In the previous three volumes (Wicked, Son of a Witch, A Lion Among Men), Maguire wisely focused his sprawling story around a single character (the Wicked Witch of West, her son Liir and the Cowardly Lion, respectively). But in Out of Oz, Maguire leaps from character to character in a spirited attempt to tie up the loose ends. In the process, he struggles to allow our sympathies to fall on any one person. The heroine of the book is ostensibly Rain, granddaughter to the Wicked Witch, but she doesn't reach centre stage until somewhere around the two hundredth page. Even then the focus of narrative continues to switch, allowing Maguire to include an overly long section in which Dorothy is put on trial for her political crimes.

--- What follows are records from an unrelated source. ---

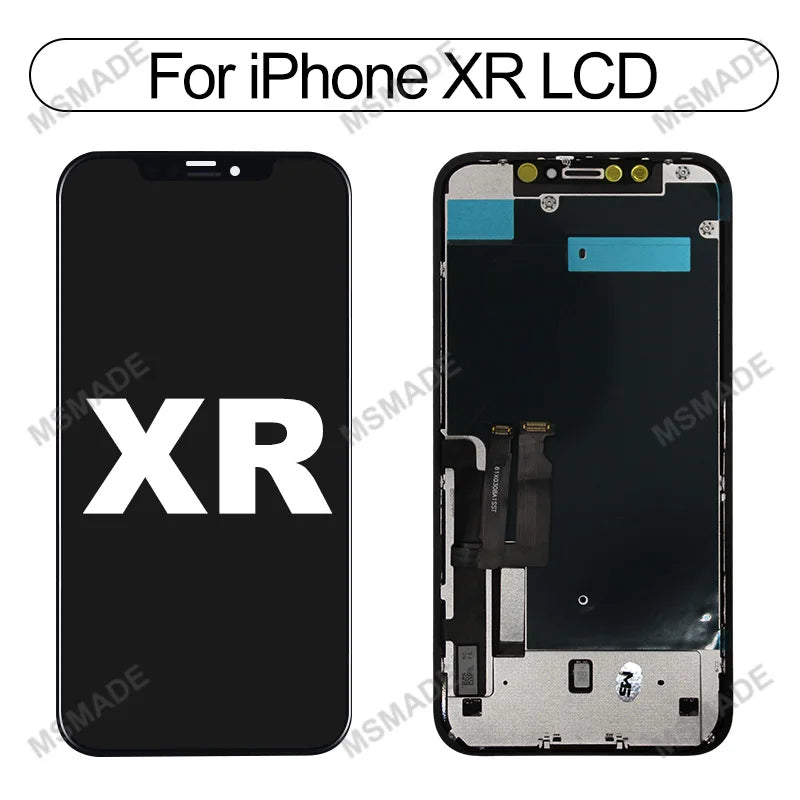 OLED X LCD For iPhone XR XS MAX 11 Display 3D Touch Screen Replace For 12 14 Plus 11 Pro screen incell 12 Pro Max display 13 Min - Shoppiline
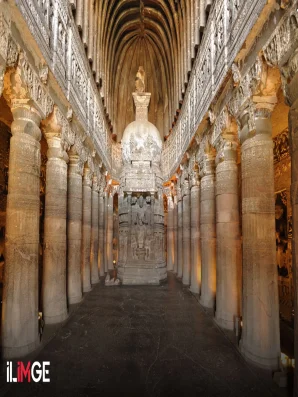 Hindistan'ın Antik Sanatına Açılan Kapı: Ajanta Mağaraları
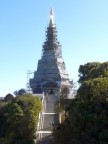 Kings stupa being upgraded.JPG (70 KB)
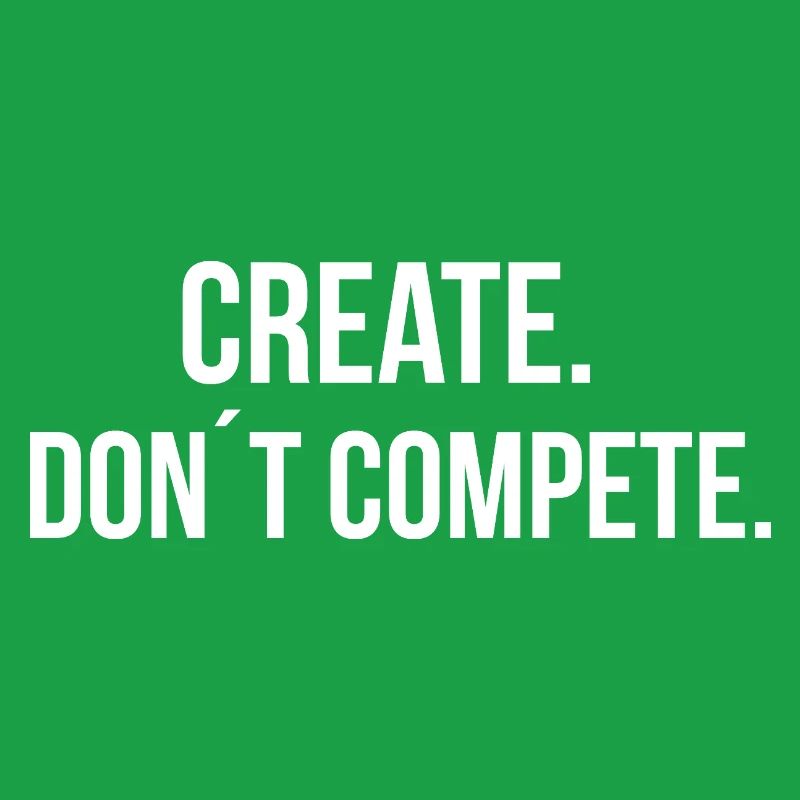 CRÉER. NE FAITES PAS CONCURRENCE. | Greyline Officiel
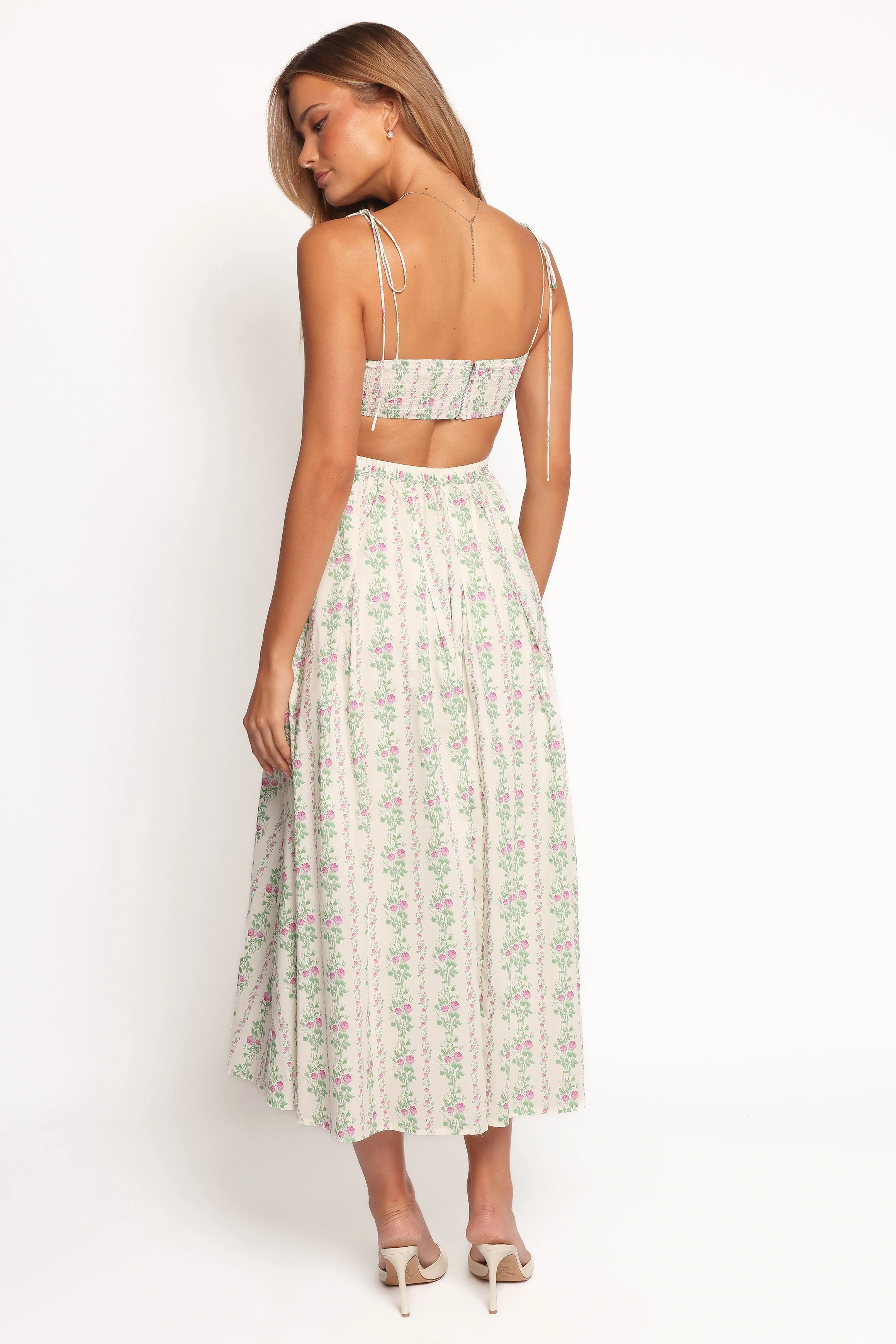 Emory Maxi Dress - Cream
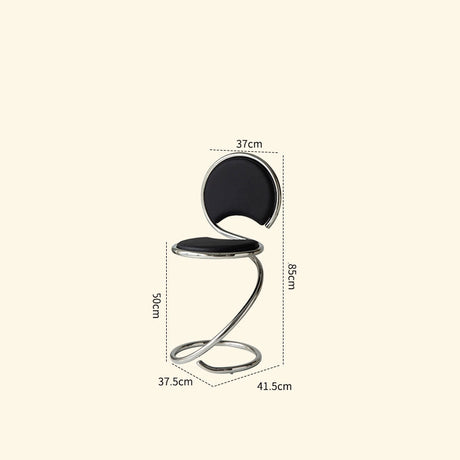 LAIMO Penelope Retro Makeup Stool - Creative Household Chair from LAIMO
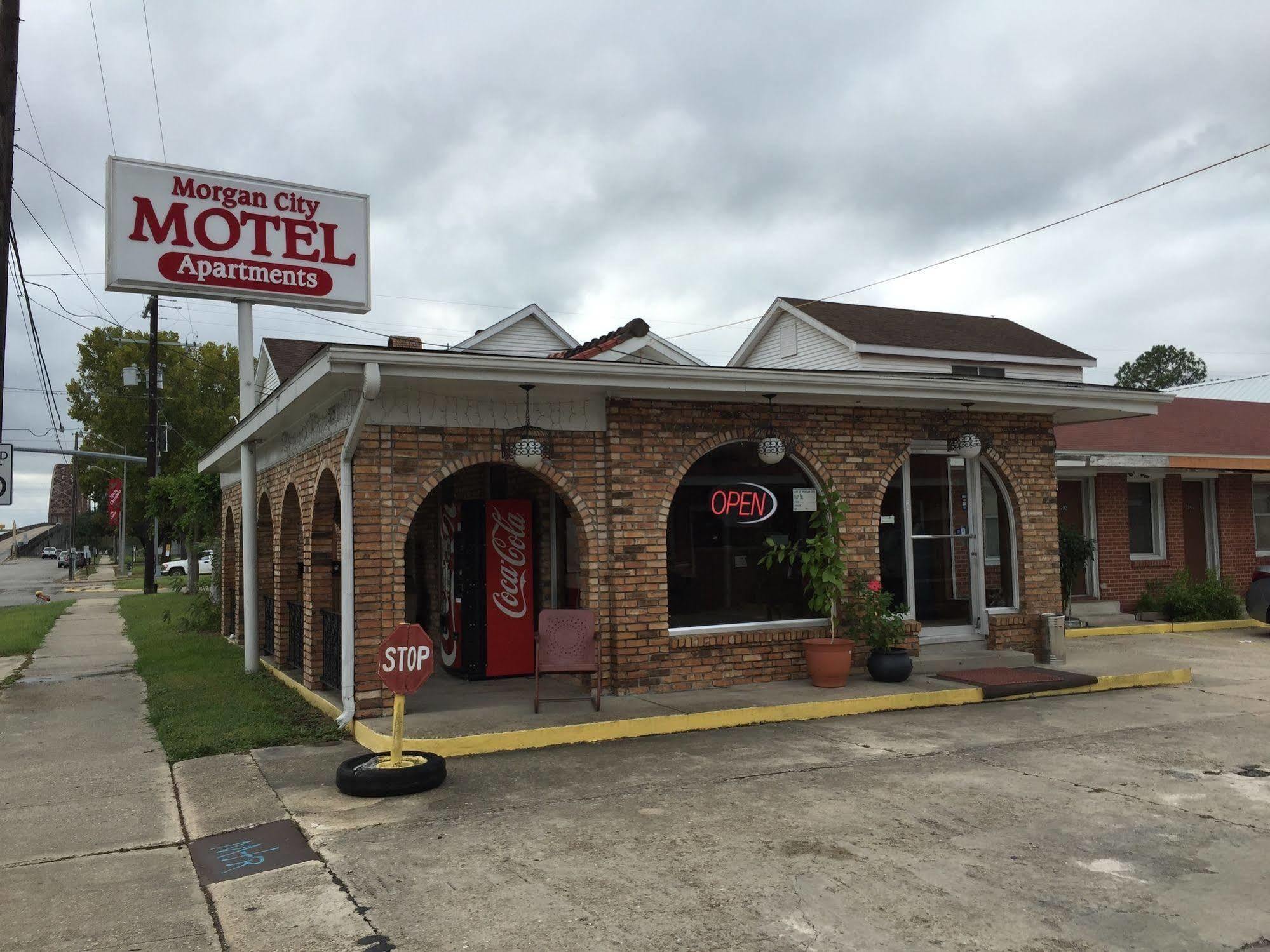 Morgan City Motel Exteriér fotografie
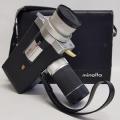 Minolta Autopak Super 8 movie camera in bag as per photo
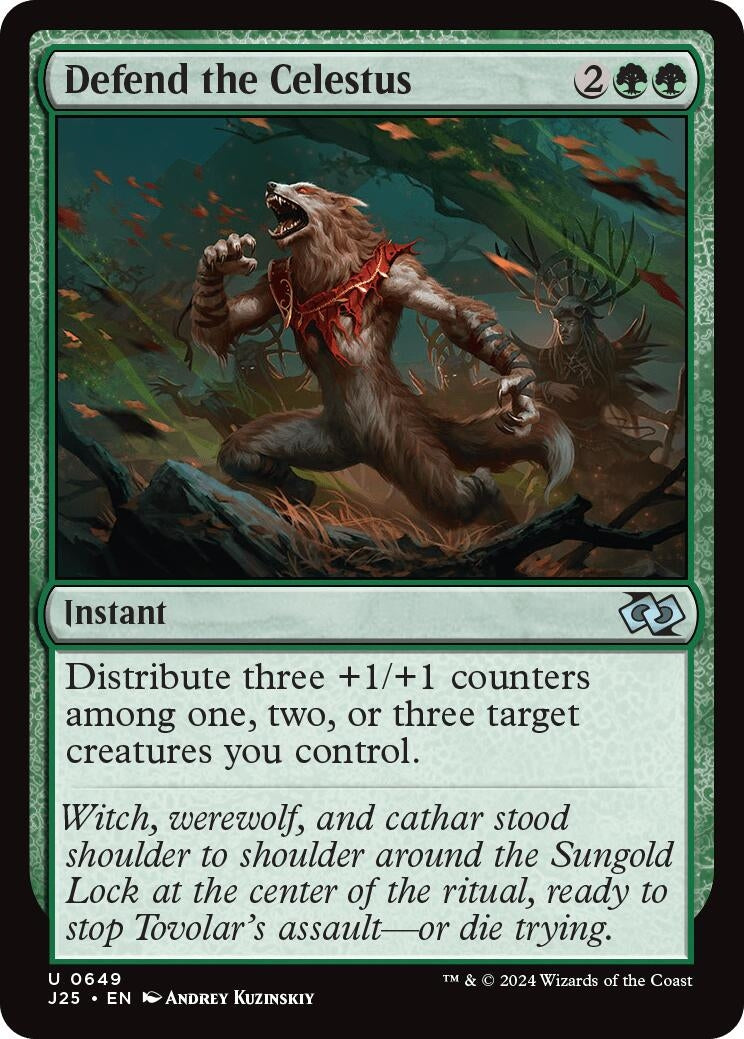 Image for Defend the Celestus (649) (J25) - Magic: The Gathering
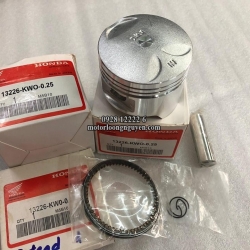PISTON BẠC HONDA STEED 400 TỪ COS 0 ĐẾN 4
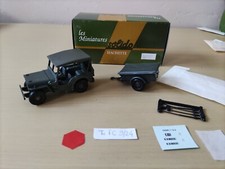 SOLIDO, JEEP WILLYS 1/43e AVEC
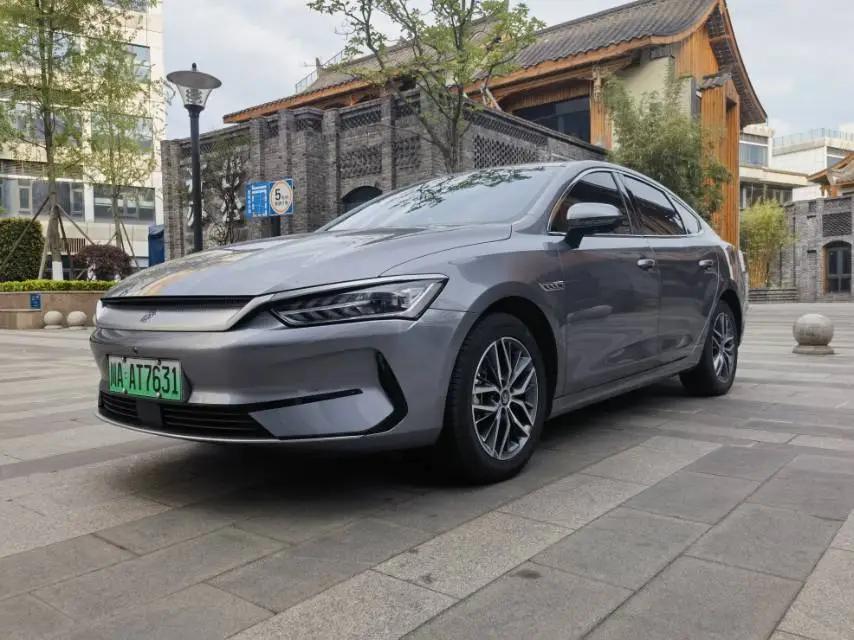 Open image lightbox: BYD 2023 Qin PLUS EV 510km Champion Edition Premium Automatic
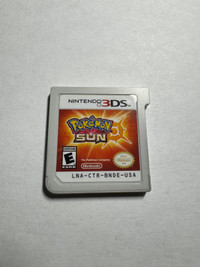 Pokémon Sun for Nintendo 3DS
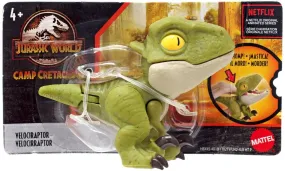 Jurassic World Snap Squad Velociraptor Mini Figure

Dorothy's whole presence feels extraneous and there's the sense that Maguire felt compelled to bring her back, since Baum himself brought her back on numerous occasions. Her trial is more or less another version of Alice's trial in Alice in Wonderland, in which Lewis Caroll gleefully mocked the gravity of judicial procedures. But satire was Carroll's whole purpose and there's little of that here; a smart editor would have told Maguire to cut the whole section, but Maguire's probably sold enough books that he can now tell smart editors where to take their opinions.

Sadly, the book's desperate need of an edit is the largest problem with Out of Oz and the thing that makes it such an unfortunate finale. Maguire gets too distracted by secondary characters and tertiary narratives. He clearly wants Rain to be our heroine but each time we abandon her or her perspective, the novel loses its arc. Moreso, it causes no end of frustration. We become engaged in characters who suddenly disappear. Don't get too involved with the good witch Glinda, who we follow for the first hundred pages or so; she vanishes completely, as does her foil, the Machiavellian General Cherrystone. A lot of time is spent developing their rapport and why? In the long run, none of it has much to do with anything.

!!  This paragraph contains spoilers  !!

There are hints of what the book could have been when Rain is deposited in a boarding school (she's being hidden from the law). Here, she becomes the most affecting and the most interesting, probably because Maguire had no choice but to keep the narrative focused squarely on her. Springing into adolescence, she becomes enamored with a boy named Tip, whose fate is only obvious if you've read The Marvelous Land of Oz (Book 2 of Baum's original series). (Last chance! Spoiler Alert Ahead)  Tips fate ultimately allows Maguire to touch on the themes of gender and sexuality which have been prevalent throughout the series. But he never allows himself time to develop the issue: by the time it appears, the book is 500 pages old and there isn't a lot of time for Rain and Tip to challenge (or even discuss) the social consequences of their relationship.
  
The need to keep the narrative moving towards a suitable end ultimately makes Out of Oz the least satisfying of all the books in the series. Still, when taken as a whole, The Wicked Years remains a fascinating literary accomplishment. Oz scholars will delight in Maguire's interpretation, not only of the mythology itself, but its inherent themes. Those who have stuck with the series for sixteen years will probably be glad they at least got some sort of conclusion and some clever master's student can now include the series in a term paper on Fantasy Cycles at the Turn of the Century, putting Maguire alongside Philip Pullman and J.K. Rowling.

It may seem disingenuous to compare Maguire to the Greek dramatists of old. But they, like him, infused popular stories with their own interpretations. Whatever the fate of The Wicked Years or your opinions of the books themselves, Maguire has added to a long tradition and leaves a legacy of his wild, erratic and sometimes haunting imagination.